É um clássico pavloviano em política: para apagar o efeito de uma notícia nefasta que marca a agenda, coloca-se a circular entre os jornalistas outra mais suculenta, passível de a substituir nas aberturas dos telejornais. A segunda engole a primeira, que por sua vez é abocanhada por outra e esta por outra e por aí adiante.
Habitualmente este processo de newsmaking resulta de uma guerra de opostos: o socialista denuncia o social-democrata, que bombardeia o Largo do Rato, que responde com um míssil teleguiado à São Caetano à Lapa, que acciona os meios terra-ar, enquanto o CDS se esconde, o Bloco e o PCP assistem da tribuna e o PAN, entre granadas e torpedos, reza para que no meio da guerra não haja vítimas civis entre a comunidade canina. Habitualmente, a tragédia acaba quando se atribui a culpa ao mordomo. E a roda volta a rodar.
No Sporting de Bruno de Carvalho acontece mais ou menos a mesma coisa, com uma diferença: o processo de construção de realidade começa e acaba nas paredes de Alvalade, como se o clube fosse ao mesmo tempo o agressor e o agredido, o algoz e a vítima, o denunciante e o denunciado, o violador e o violado, numa vertigem de loucura visceral que pede meças a qualquer pátio de um hospital psiquiátrico nas suas tardes mais exuberantes.

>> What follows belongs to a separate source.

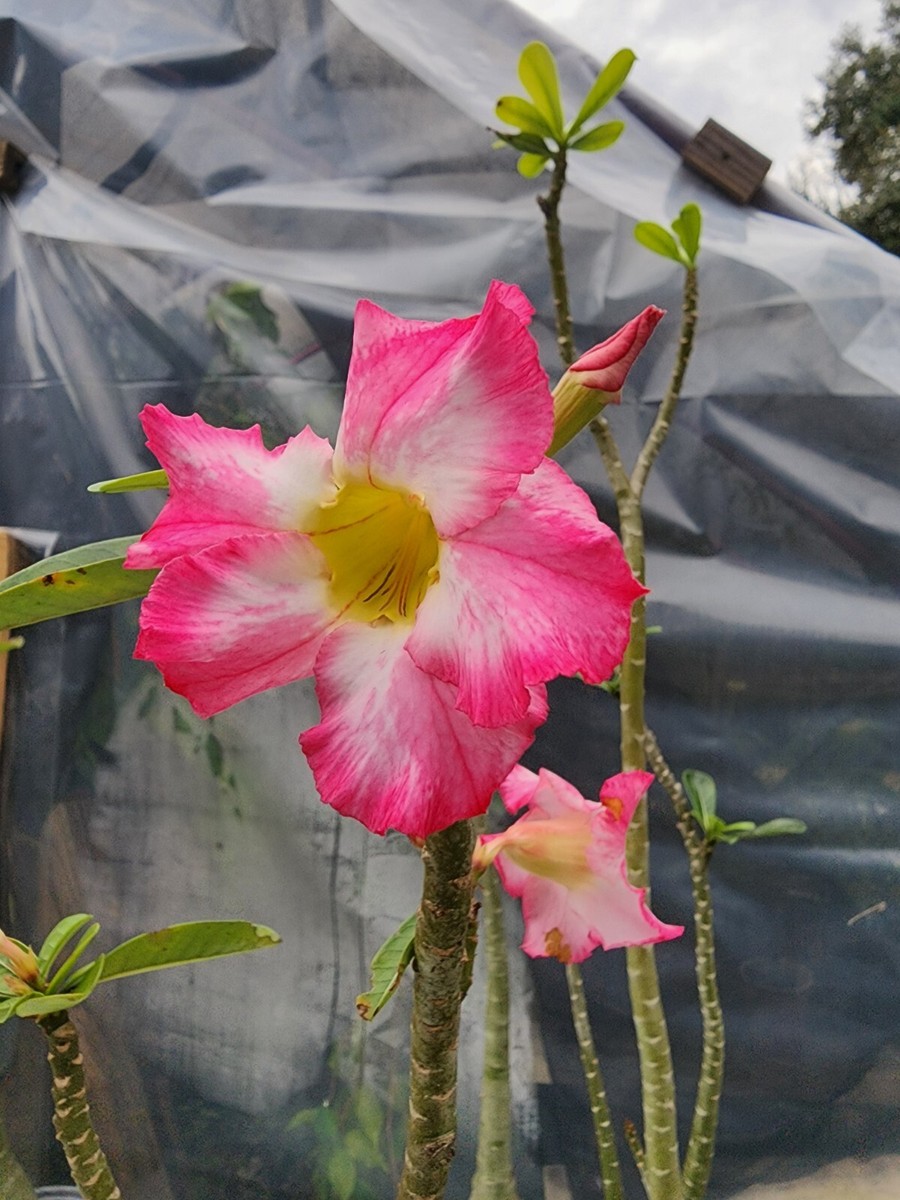 Adenium obesum Desert Rose YAK JAPAN. Plant perfect for bonsai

Só para falar nos últimos dias: o Sporting ficou fora da Liga dos Campeões no passado domingo. Notícia fresquinha. Na segunda-feira, já não se falava de Champions porque Bruno de Carvalho decidiu chamar jogadores e equipa técnica a Alvalade para lhes dar um raspanete, de que resultou uma suspensão que entreteve os jornalistas durante umas horas, até que Kim Jong-bruno saiu da academia no seu BMW e chamou ursos aos que falavam sobre a mesma na TV, porque afinal não havia suspensão alguma. Aliás, não havia nada. Um turista que o ouvisse falar acreditaria com facilidade que os jogadores foram a Alvalade para tomar chá com o Boss.

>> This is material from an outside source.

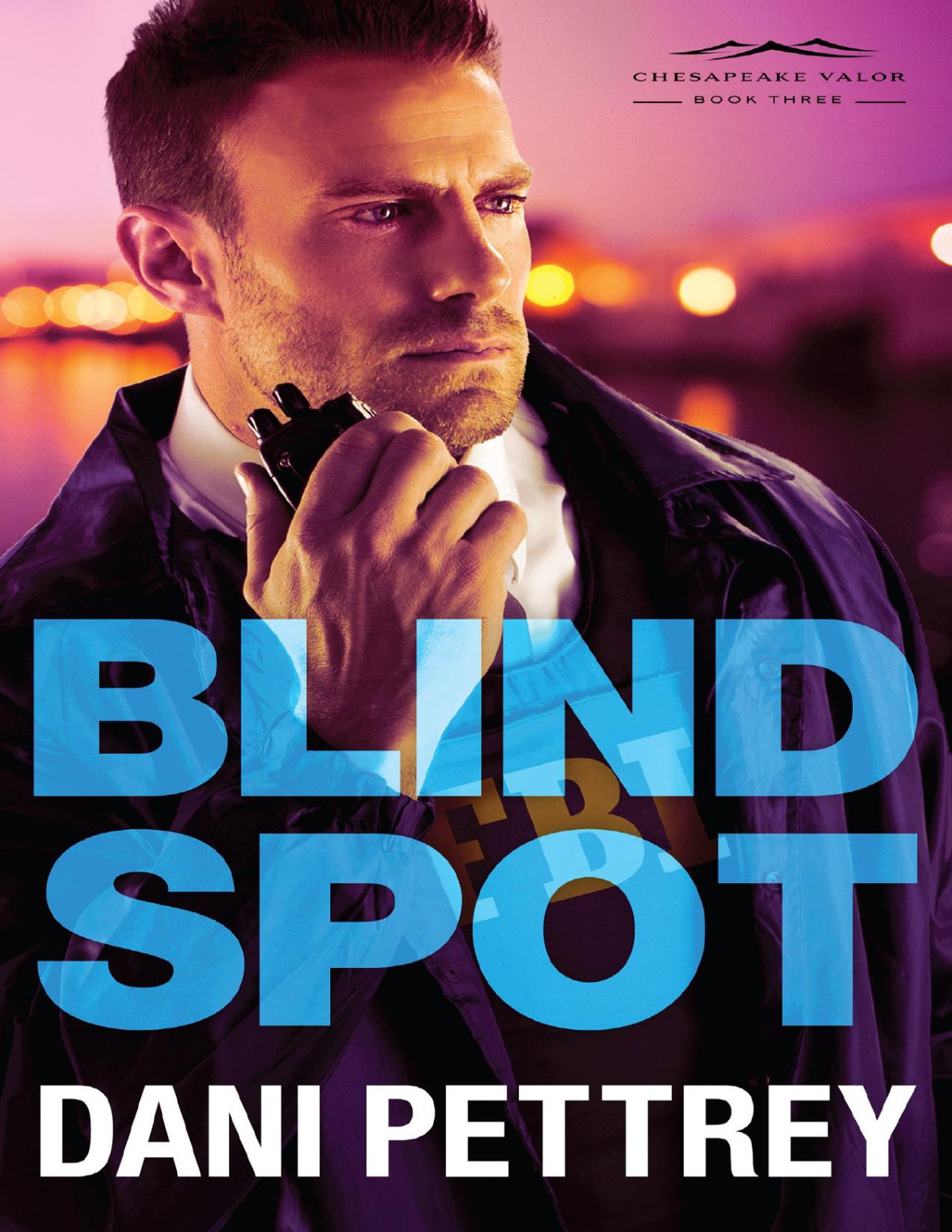 Blind Spot Chesapeake Valor Book 3 Dani Pettrey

Ontem, terça-feira, a manchete era outra: o Sporting de Bruno de Carvalho está a ser investigado por corrupção. O Ministério Público desconfia de um esquema de compra de árbitros. A notícia durou poucas horas – alguém se lembra dela? – porque um grupo de alucinados invadiu a academia de Alcochete para distribuir, de forma aparentemente democrática, um conjunto de cinturadas, de cabeçadas e navalhadas por Jorge Jesus, Bas Dost, William Carvalho e restante plantel. A corrupção foi engolida pela tragédia. E esta foi triturada pelas palavras de Bruno de Carvalho, em declarações à televisão do clube: o que aconteceu “foi chato”, disse. A sério, Bruno? Foi chato?
O que aconteceu foi uma tragédia, um acto concertado de violência que humilha o Sporting e que envergonha Portugal. Não é preciso ser Einstein para interpretar a marcha dos acontecimentos. Bruno de Carvalho criou todas as condições para a sessão de pancadaria. A pressão sobre os jogadores. As críticas públicas. Os raspanetes privados. A porta do clube escancarada, em Alvalade e em Alcochete, onde só faltou servir um catering aos delinquentes para que se sentissem ainda mais em casa.
É vulgar dizer-se e escrever-se que futebol e política são farinha do mesmo saco. As consequências deste caso serão centrais para determinar se é mesmo assim. Veremos se, no fim da linha, haverá um culpado identificado, um agressor, mesmo que moral, condenado em tribunal, ou se, como sucede na política, vamos todos alegremente concluir que o que se passou foi, de facto, chato, e que temos de contratar um novo mordomo.